Although it was not possible for us in the short time we had left to visit his farm, we wanted to hear his vision as an independent farmer, of the current state of the coffee industry in Ethiopia.
Negussie produces and prepares his coffee according to the so-called natural process: coffee cherries are put on long wooden tables called African beds. The fermentation and drying process takes place naturally under the sun without previous pulping and washing.
This method is traditionally used in Ethiopia because it requires almost no use of water. When the preparation is well controlled, the sugars naturally present in the pulp will impregnate the beans and give in cup a coffee with very sweet notes of forest fruits, even winy sometimes, and of milk chocolate with a dense and unctuous body.
In addition to this traditional preparation, Negussie has recently started experimenting the so-called honey process. Under this method, the beans are pulped but then fermented and dried without using water to remove the entire mucilage.
"if you come to my farm you won't only see coffee"
His farm is located at an altitude of 1,930-2,100 above the sea level. His coffee grows under the shade of the forest, with both wild and selected planted varieties coming from Jimma research center.
It is fully organic and as he explains us: "if you come to my farm you won't only see coffee." Coffee is surrounded by many types of animals, shadow trees and other crops generating a complementary ecosystem.
" We have a potential to produce more qualitative organic coffee. But we need good prices. There's many challenges from nursery to export."
Being an independent and medium scale farmer, Negussie still has to face "many challenges from nursery to export." The biggest one is the financial capacity.

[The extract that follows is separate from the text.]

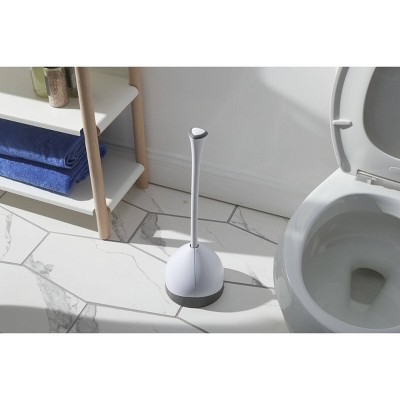 White Ergonomic Toilet Plunger with Hideaway Caddy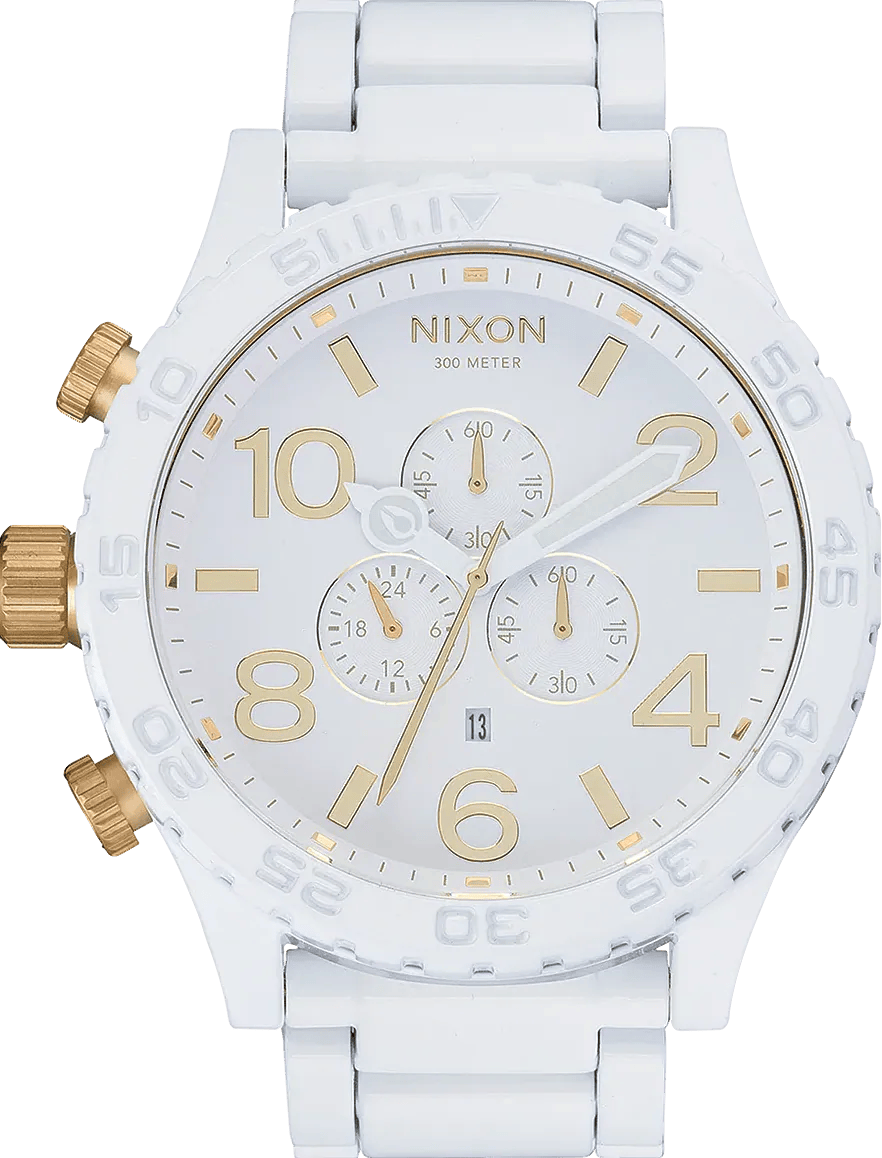 Nixon 51-30 Chronograph White Dial White Steel Strap Watch for Men - A083-1035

All the other challenges - technologies, infrastructure, equipment - could be fixed if only farmers were not struggling.
The productivity of qualitative coffee is also at stake. He affirms that [Farmers] "have a potential to produce more qualitative organic coffee. But [they] need good prices"

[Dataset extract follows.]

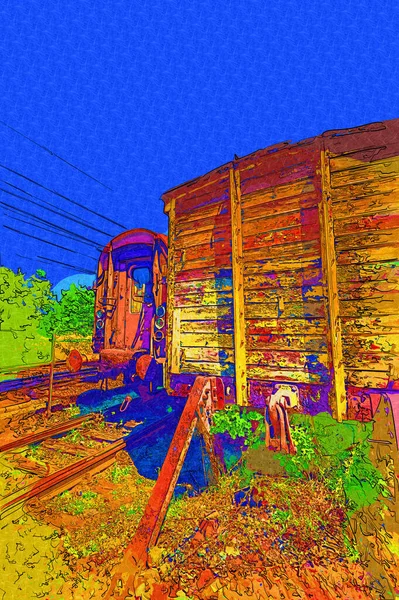 Alter Eisenbahngüterwagen Zug Kunst Illustration Zeichnung Skizze Antik Retro Jahrgang — Stockfoto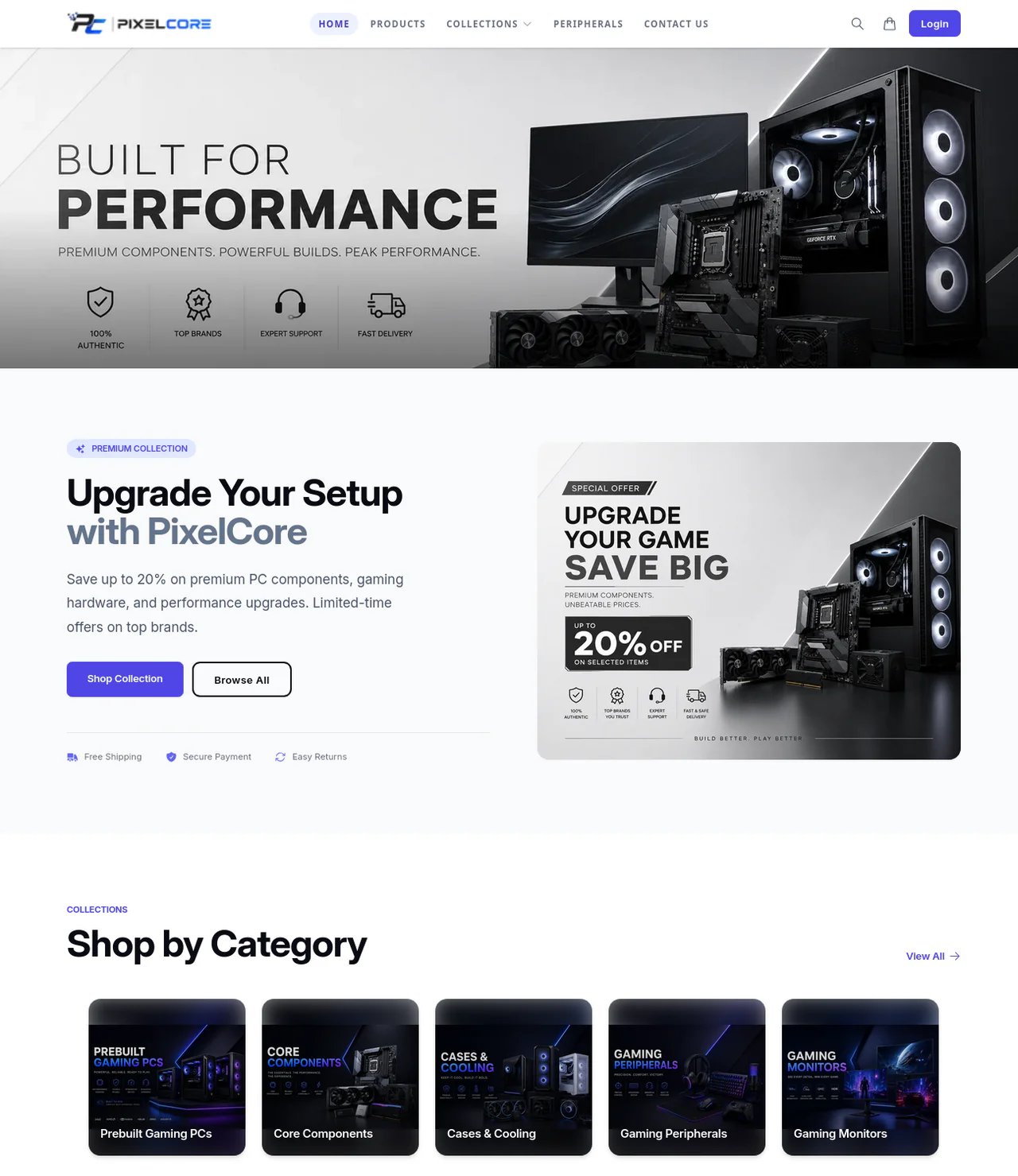 PixelCore - Gaming PCs & Components storefront homepage, a live demo store built on Ecomplify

Negussie is optimist though and trust the recent changes in the coffee marketing rules (cf.Coffee in Ethiopia).
"The recent opening is good. it gives opportunities"
Small farmers (of more than 2 ha) are indeed now allowed to sell their coffee directly if they manage to find a buyer. This will generally give them a better price than selling it to the public auctions organized by the Ethiopian Commodity Exchange. But a farmer also needs to work on quality and to know perfectly his coffee to be able to bargain and to get a good price.
Then, Negussie tells us about his current project of coffee eco-tourism.
By next year, his homestay will be ready to host people that will be able to learn more about coffee, but also to taste the honey coming form the coffee flowers, the cascara infusion made of the dried cherry pulp, spices such as pepper and cardamom and of course, to attend a complete coffee ceremony.
He also wants to give his future guests the opportunity to "adopt" coffee trees to support the development of organic coffee farming. An ambitious project and an interesting activity to offer in this area full of history and yet, absolutely unknown and deserted from tourists.
"In kaffa region [coffee] is the sign of peace"
We end the conversation by an explanation on the meaning of Tatmara, the name of his farm.In the kaffa language tato means king and maro means forgiveness. It used to be the place where the king of Kaffa was giving forgiveness to the prisoners every year. "In kaffa region [coffee] is the sign of peace. So I'm blessed..." concludes Negussie.